Et vous, où en êtes-vous de votre montée à bord ? Sur les photos qui annoncent l’album, on vous voit en plein air, devant un feu. Est-ce ainsi que vous vivez ?

Piers Faccini : On a habité pendant 15 ans à la sortie d’un village, dans la garrigue. On y avait presque un hectare de terrain. Le terre était très sèche, le sol très pauvre. J’y ai expérimenté des techniques d’agriculture proches de la culture dans le désert. J’ai appris beaucoup de choses sur la permaculture. J’ai utilisé des bacs élevés. Depuis peu, nous sommes dans un nouvel endroit. Nous sommes montés en altitude.
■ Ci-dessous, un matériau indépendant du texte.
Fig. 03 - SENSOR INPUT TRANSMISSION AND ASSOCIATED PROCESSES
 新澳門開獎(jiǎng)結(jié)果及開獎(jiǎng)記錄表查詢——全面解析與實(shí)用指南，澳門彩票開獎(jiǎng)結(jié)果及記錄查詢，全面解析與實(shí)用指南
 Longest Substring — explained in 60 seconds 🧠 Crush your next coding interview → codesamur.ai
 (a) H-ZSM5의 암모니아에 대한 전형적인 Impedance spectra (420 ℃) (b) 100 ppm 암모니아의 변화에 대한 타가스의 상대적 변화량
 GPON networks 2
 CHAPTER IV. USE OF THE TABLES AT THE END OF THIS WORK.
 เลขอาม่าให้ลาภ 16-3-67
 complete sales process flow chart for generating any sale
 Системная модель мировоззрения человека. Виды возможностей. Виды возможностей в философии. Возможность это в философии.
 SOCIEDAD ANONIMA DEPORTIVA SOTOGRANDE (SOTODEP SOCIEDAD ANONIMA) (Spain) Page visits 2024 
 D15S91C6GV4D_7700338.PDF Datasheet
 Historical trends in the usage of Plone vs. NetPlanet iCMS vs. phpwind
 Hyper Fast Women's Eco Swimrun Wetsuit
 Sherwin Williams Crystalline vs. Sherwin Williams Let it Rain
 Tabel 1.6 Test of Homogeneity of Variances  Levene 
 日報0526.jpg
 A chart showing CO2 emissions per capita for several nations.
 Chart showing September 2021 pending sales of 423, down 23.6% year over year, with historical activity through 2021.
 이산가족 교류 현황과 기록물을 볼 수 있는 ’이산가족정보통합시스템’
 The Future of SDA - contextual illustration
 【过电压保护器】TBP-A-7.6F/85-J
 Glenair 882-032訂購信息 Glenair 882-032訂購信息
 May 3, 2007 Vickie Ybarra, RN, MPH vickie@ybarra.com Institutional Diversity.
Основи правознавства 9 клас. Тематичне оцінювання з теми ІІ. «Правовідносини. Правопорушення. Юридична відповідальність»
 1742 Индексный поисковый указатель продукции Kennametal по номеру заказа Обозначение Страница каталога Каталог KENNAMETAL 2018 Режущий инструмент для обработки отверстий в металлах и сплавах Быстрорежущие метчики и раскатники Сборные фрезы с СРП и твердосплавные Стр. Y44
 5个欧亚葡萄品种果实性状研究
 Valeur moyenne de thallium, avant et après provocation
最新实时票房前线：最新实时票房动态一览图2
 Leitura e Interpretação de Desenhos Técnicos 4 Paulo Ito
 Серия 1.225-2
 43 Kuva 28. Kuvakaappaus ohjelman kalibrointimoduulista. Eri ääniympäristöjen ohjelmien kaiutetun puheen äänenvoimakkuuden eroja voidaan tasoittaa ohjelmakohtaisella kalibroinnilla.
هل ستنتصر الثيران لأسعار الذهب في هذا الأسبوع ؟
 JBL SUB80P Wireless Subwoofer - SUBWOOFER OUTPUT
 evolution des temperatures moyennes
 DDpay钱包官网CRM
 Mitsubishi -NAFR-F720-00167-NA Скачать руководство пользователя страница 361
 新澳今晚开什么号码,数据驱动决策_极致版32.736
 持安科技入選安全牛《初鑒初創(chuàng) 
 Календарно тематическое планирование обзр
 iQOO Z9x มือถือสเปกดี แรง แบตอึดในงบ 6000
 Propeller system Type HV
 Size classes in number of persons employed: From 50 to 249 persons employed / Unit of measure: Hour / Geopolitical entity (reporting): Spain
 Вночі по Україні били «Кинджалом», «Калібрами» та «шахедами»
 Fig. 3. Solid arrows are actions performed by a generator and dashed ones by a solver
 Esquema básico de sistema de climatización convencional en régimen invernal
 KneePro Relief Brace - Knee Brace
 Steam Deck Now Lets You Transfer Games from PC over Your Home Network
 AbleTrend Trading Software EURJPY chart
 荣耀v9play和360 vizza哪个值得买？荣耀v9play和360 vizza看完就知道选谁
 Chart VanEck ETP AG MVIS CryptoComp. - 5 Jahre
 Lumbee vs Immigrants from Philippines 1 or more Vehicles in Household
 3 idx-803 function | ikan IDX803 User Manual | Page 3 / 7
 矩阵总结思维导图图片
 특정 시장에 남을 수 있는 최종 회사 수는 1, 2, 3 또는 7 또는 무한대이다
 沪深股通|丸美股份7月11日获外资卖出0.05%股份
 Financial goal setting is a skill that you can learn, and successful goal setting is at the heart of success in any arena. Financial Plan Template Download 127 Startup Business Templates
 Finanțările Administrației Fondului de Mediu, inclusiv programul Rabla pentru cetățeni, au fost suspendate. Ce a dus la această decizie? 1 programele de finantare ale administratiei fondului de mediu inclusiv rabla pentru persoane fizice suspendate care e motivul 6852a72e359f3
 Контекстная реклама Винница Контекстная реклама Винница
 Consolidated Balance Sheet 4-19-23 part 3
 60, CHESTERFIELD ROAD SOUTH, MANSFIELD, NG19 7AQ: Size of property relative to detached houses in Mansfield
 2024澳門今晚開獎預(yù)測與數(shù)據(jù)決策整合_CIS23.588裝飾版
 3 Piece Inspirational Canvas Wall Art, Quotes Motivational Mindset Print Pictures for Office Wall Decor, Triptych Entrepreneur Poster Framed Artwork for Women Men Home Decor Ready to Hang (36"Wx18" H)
On a un peu plus de terre, un peu plus d’eau. Avec ma femme, nous ralentissons autant que possible. Je continue à être musicien mais j’ai demandé à mon tourneur de ne plus accepter d’invitation au Japon pour seulement deux concerts. Je ne veux plus aller à New York pour un concert. Au quotidien, nous consommons local. Nous sommes végétariens. Ma femme fait énormément de produits elle-même : lessive, savon… Nous nous passons des emballages en plastique. Je pense qu’il est très important que tout le monde fasse ces démarches mais j’ai peur que ce ne soit pas suffisant s’il n’y a pas aussi une action des gouvernements.